Quoting Tom Lane <tgl@sss.pgh.pa.us>:
> Mischa Sandberg <mischa_sandberg@telus.net> writes:
> > Perhaps it's my "test for DB ready" that's the problem?
>
> > + while pg_ctl status && ! psql -l; do sleep 1; done >/dev/null
> 2>&1
>
> I'd bet that the pg_ctl status part is failing. I get exit status 1
> from it if there's no server running.
Yes, that was part of the problem with the original startup script;
postmaster hadn't even gotten as far as writing postmaster.pid,
I guess. But pg_ctl status returning 1 could also mean that that the
server had come up, hit a critical problem and exited. Hence my problem;
this has to detect server failure, reliably, as well.
BTW the example with (start,status,psql,createlang) failing just
happened, to my surprise, on my dev box -- fairly fast and lightly
loaded.
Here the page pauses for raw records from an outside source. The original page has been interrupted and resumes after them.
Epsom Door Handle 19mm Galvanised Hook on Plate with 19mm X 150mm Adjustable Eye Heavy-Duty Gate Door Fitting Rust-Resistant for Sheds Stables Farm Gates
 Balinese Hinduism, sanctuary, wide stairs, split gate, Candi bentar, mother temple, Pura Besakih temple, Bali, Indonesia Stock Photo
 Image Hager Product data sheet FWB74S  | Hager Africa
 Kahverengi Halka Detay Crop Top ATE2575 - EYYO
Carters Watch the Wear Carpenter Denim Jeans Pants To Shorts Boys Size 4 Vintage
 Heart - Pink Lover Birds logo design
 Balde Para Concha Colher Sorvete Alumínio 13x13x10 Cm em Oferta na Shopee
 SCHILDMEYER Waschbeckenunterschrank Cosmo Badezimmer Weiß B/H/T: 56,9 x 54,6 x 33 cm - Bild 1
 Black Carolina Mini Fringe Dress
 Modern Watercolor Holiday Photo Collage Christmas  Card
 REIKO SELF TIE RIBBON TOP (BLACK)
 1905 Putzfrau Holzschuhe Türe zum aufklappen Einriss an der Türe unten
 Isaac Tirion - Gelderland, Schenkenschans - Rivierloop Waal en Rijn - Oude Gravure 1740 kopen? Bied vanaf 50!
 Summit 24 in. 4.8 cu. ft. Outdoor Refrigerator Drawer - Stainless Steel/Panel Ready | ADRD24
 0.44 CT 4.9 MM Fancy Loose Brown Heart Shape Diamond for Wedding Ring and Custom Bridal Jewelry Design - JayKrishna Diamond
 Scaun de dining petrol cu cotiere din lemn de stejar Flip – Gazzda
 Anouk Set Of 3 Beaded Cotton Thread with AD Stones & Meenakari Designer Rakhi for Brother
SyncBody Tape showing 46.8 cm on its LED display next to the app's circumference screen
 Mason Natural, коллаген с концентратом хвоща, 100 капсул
On loaded, unattended systems, it happened consistently.
............
In another vein, another place where there are consistent
failures is in the sequence:
createlang ... -d template1 plpgsql
createdb $PGDATABASE
<app>
The failure can happen on createdb ("template1 is busy")
or on <app>; and most frequently on the systems with overloaded disks.
My hacky response is to separate those steps with:
psql -qc checkpoint template1
which consistently makes the problem go away; but what is
the problem, exactly, that this is tripping over??
Anyway, thanks for the comments.
--
Engineers think that equations approximate reality.
Physicists think that reality approximates the equations.
Mathematicians never make the connection.